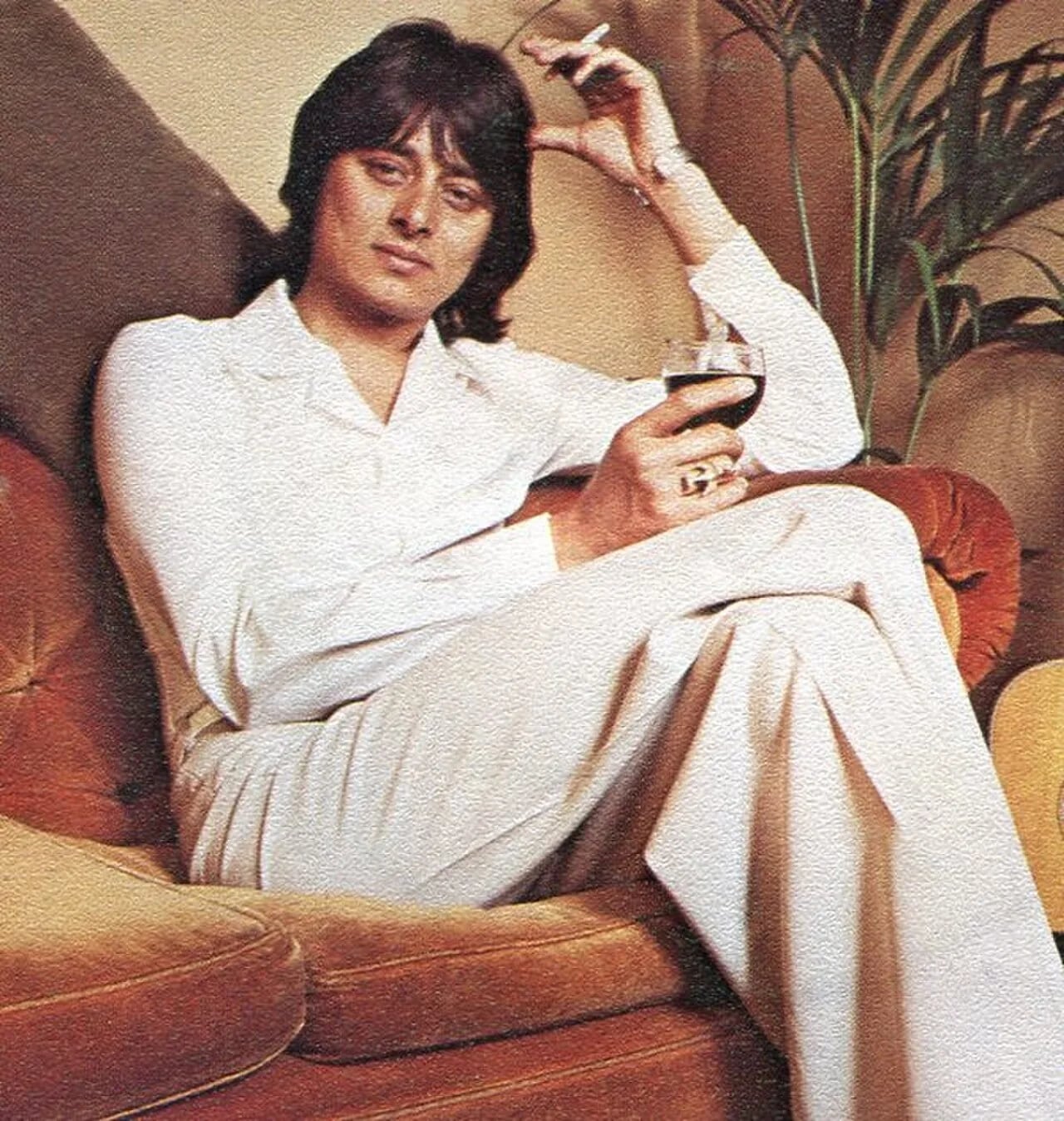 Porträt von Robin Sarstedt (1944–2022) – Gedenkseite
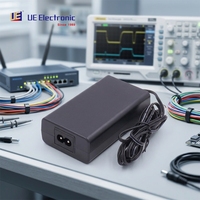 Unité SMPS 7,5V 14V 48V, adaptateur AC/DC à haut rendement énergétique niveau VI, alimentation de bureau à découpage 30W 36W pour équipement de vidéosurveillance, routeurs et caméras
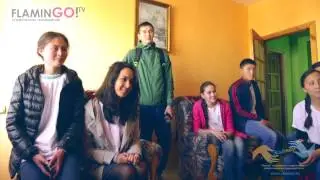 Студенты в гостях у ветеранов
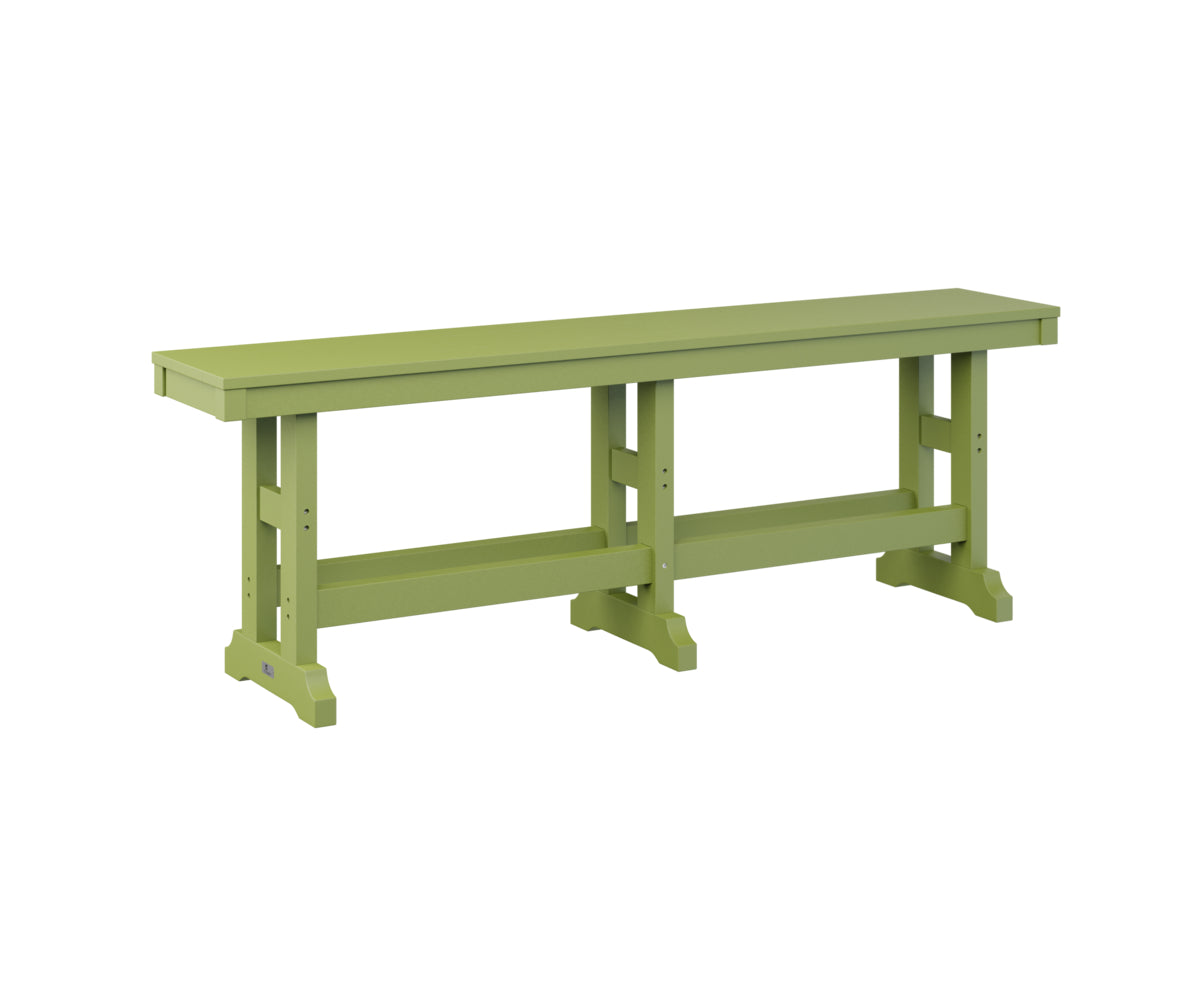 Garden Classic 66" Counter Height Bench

==

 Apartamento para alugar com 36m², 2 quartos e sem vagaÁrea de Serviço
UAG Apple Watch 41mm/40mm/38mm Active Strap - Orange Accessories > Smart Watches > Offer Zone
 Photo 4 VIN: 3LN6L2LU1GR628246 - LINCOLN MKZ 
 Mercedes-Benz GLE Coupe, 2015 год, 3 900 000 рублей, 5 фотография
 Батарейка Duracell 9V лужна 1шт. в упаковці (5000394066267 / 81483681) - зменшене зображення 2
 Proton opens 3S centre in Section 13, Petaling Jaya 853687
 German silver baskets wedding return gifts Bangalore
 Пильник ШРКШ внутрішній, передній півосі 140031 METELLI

--

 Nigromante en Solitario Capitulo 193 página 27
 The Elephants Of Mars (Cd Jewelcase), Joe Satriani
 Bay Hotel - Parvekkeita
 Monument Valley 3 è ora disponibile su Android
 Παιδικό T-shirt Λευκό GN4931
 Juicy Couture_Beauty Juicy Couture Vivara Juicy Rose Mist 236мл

* EXERCISE PROMPT *
The response must hold only the lines above from the line with "UAG Apple Watch" through the line with "Пильник ШРКШ внутрішній, передній", each copied exactly, both ends kept.

* OUTPUT OF THE TASK *
UAG Apple Watch 41mm/40mm/38mm Active Strap - Orange Accessories > Smart Watches > Offer Zone
 Photo 4 VIN: 3LN6L2LU1GR628246 - LINCOLN MKZ 
 Mercedes-Benz GLE Coupe, 2015 год, 3 900 000 рублей, 5 фотография
 Батарейка Duracell 9V лужна 1шт. в упаковці (5000394066267 / 81483681) - зменшене зображення 2
 Proton opens 3S centre in Section 13, Petaling Jaya 853687
 German silver baskets wedding return gifts Bangalore
 Пильник ШРКШ внутрішній, передній півосі 140031 METELLI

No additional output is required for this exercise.